BEGIN
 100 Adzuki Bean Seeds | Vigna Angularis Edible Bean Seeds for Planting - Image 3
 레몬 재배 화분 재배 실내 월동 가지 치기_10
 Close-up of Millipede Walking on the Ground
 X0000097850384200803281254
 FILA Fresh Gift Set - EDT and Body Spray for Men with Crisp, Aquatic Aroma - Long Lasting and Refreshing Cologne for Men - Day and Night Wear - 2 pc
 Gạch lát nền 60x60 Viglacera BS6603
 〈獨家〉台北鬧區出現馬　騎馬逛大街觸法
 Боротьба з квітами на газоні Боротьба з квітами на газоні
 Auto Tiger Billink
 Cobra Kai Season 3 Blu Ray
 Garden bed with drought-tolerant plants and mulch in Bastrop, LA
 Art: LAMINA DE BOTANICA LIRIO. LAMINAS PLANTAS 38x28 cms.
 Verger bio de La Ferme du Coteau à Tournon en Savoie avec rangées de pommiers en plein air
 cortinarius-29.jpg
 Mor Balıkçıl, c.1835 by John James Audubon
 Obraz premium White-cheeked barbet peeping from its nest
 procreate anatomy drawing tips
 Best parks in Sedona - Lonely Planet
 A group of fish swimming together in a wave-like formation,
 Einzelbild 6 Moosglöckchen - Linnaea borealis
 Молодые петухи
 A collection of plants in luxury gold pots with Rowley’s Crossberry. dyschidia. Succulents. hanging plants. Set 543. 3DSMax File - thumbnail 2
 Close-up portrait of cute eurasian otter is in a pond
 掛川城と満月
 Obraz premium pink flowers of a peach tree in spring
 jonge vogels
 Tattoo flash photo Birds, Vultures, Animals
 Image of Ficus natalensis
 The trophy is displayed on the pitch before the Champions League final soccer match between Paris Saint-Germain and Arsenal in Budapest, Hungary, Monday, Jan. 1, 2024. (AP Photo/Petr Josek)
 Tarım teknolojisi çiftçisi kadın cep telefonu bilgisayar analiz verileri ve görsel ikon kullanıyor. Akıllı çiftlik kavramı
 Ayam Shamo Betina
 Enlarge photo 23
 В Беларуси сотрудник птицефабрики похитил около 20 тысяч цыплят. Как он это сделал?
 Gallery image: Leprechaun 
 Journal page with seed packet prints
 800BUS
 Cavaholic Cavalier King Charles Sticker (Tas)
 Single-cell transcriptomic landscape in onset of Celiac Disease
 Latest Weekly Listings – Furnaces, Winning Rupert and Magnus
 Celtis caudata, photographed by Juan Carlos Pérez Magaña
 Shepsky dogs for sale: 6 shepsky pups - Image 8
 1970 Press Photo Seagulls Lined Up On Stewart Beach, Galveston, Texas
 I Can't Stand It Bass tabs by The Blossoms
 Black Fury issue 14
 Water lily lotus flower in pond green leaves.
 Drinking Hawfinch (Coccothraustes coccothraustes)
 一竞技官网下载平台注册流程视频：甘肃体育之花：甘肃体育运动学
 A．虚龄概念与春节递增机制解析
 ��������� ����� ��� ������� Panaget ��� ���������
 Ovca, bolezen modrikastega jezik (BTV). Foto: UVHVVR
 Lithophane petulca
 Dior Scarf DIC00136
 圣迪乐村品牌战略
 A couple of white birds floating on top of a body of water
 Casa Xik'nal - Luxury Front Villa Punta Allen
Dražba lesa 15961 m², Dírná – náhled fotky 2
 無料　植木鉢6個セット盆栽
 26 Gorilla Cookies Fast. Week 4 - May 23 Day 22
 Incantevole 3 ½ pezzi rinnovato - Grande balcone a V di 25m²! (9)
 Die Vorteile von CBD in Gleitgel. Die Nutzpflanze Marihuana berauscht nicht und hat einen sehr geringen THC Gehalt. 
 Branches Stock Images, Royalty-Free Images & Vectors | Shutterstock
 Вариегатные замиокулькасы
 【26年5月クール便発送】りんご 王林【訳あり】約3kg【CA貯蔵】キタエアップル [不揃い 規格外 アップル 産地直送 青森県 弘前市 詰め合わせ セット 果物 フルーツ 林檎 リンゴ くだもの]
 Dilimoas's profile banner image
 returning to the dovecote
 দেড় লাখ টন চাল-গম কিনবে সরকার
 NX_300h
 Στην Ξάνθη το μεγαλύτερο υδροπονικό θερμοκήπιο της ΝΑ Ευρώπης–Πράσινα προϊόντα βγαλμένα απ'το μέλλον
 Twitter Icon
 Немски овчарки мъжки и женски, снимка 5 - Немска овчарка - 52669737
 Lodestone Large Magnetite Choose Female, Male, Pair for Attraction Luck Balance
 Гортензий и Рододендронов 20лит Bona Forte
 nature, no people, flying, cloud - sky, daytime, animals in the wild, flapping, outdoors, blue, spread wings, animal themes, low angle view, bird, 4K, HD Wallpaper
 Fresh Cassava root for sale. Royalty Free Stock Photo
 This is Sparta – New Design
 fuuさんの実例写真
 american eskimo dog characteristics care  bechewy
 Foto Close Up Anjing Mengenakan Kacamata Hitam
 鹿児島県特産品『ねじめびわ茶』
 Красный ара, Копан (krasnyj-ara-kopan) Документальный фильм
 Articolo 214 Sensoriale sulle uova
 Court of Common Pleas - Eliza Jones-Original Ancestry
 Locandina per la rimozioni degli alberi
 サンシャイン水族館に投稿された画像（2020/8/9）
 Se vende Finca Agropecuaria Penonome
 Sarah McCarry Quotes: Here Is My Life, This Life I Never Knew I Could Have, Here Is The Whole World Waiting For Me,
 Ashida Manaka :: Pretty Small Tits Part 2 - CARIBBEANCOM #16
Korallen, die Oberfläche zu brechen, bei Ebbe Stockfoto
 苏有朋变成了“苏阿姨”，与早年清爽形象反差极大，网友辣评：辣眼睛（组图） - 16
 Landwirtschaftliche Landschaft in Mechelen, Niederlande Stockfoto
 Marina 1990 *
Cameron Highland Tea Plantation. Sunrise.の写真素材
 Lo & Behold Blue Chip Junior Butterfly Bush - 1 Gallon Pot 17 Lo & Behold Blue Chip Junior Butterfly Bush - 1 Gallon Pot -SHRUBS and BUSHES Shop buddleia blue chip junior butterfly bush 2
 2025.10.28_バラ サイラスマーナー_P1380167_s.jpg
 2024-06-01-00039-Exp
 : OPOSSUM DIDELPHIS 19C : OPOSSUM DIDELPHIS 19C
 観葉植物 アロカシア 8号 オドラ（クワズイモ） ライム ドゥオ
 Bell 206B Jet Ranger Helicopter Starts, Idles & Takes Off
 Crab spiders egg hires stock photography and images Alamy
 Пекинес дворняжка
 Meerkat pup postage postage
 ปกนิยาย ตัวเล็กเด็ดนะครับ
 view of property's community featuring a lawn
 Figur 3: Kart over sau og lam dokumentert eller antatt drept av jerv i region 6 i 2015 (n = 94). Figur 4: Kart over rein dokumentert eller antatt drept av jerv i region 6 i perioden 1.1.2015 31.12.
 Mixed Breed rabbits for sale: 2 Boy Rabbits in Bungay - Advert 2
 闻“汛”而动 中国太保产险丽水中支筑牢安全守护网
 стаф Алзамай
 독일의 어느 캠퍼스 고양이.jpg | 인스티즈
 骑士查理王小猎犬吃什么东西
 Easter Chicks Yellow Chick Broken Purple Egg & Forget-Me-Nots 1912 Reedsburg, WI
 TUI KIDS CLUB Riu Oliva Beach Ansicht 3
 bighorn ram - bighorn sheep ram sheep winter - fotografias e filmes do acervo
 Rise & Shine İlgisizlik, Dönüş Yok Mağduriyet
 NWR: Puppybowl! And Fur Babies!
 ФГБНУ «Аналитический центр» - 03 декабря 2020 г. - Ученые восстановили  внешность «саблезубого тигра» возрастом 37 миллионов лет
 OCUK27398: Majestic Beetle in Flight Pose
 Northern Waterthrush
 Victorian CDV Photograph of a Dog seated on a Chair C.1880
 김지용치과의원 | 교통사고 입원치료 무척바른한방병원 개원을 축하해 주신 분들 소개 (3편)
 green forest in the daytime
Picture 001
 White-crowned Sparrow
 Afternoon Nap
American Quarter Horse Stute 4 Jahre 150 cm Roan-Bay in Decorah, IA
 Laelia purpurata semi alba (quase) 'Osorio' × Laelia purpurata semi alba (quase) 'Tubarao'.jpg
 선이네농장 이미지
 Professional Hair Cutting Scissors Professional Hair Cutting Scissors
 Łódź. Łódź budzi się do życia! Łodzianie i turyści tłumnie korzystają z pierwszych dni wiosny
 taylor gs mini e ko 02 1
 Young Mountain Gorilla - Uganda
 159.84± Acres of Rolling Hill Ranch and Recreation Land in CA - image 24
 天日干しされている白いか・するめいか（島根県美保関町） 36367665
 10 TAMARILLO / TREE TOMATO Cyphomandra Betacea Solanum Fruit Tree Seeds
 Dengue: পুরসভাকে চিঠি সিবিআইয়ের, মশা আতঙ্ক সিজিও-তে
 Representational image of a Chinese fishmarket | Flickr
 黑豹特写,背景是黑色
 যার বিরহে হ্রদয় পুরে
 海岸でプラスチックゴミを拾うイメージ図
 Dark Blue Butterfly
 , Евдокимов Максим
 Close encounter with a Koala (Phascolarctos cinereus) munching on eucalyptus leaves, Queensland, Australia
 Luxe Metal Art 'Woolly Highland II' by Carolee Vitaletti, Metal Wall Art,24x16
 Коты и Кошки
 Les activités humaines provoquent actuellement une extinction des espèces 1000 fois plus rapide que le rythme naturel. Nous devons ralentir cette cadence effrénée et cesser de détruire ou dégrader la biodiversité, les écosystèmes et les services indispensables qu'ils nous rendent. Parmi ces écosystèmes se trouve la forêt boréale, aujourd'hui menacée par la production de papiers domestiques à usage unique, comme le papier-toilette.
END
Exercise requirements = Search the listing for the word "Fresh" and state how many lines contain it. Nothing else belongs in the reply.

Response box = 2